Non ho la pretesa (e manco la competenza) di fare un’analisi politica, storica e umana perché per farlo occorrerebbero una mole di studi sull’epoca vissuta da Castro e sulle molteplici vicissitudini di una rivoluzione, che inevitabilmente porta con sé contraddizioni, fallimenti e successi.
Però ieri mattina alla notizia della scomparsa del lider maximo non ho potuto fare a meno di pensare ad un’assemblea di alcuni anni (forse 10?) fa in cui mi trovai – mio malgrado – a moderare un dibattito con Fulvio Grimaldi, ex giornalista di RAI TRE, che presentava un suo lavoro su Cuba ed il latino-america.
Ricordo una domanda dal pubblico: un dirigente politico locale chiese a Grimaldi cosa potevamo fare noi europei per dare una mano a Cuba in relazione alla situazione democratica del paese e le libertà civili…
Grimaldi in maniera caustica rispose molto semplicemente ” possiamo fare una cosa sola: imparare!”
All’epoca mi sembrò francamente esagerata come affermazione, insomma al netto di ogni ragionamento sulle conquiste sociali della rivoluzione mi sembrava che le libertà democratiche fossero una conquista necessaria per il popolo cubano.
Non so se avesse ragione Grimaldi ma sicuramente oggi come allora credo che sia giusto ricordarsi di considerare i fatti tenendo conto della loro specificità, perché l’errore grosso che si fa quando si parla di Cuba è di fare ragionamenti partendo dalla nostra visione di italiani ed europei. E magari scordandoci della situazione contingente di Cuba e del continente latino-americano.
Per questo alcuni giudizi su Castro di oggi mi sembrano quanto meno banali se non propriamente fuorvianti e privi di senso.
Cuba attraverso la rivoluzione evitò di diventare un protettorato USA su cui alcuni “gentiluomini” avevano già pensato di mettere le mani.
Tutto quello che accade dopo è una diretta conseguenza di quella scelta di affermare un irrinunciabile diritto all’autodeterminazione. A costo dell’embargo statunitense (ancora attivo) e della guerra che il più grande stato avanzato al mondo ha mosso contro la piccola isola caraibica. Tutto questo giustifica una dittatura? Non lo so ma sicuramente giustifica la ribellione e l’impegno per costruire uno stato diverso, fondato sulla giustizia sociale e l’equità.
Non posso fare poi a meno di chiedermi una cosa.
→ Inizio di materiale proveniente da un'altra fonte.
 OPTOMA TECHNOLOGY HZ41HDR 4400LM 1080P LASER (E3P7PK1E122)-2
Possiamo definirci così evoluti, liberi e belli dall’alto delle nostre malconce democrazie da poter disquisire di una Cuba che – malgrado tutto – garantisce istruzione, sanità e lavoro a tutti? Io non ne sono così sicuro.
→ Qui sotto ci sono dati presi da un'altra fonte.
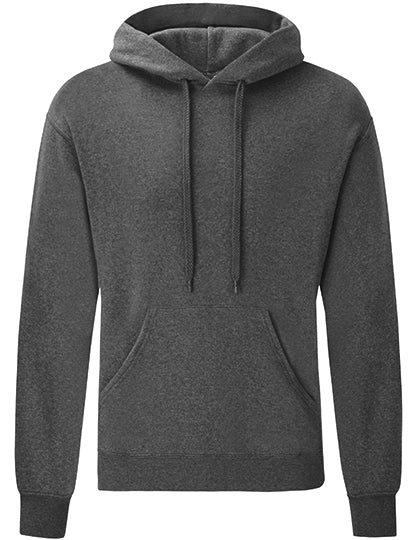 Classic Hooded Sweat L-Shop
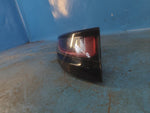 External lamp LAND ROVER VELAR 17- Left.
Il baluardo delle liberà occidentali (USA) ha appena incoronato un ricco e potente boss finanziario, pur tra proteste e accuse varie.. Nella Russia liberata dal comunismo Putin domina la scena politica da 15 anni.
Ed anche da noi in Europa… abbiamo le nostre gatte da pelare.
A questo punto volgo nuovamente il pensiero a quella domanda durante quel dibattito e trovo che forse ci sarebbe da riflettere su quella famosa risposta.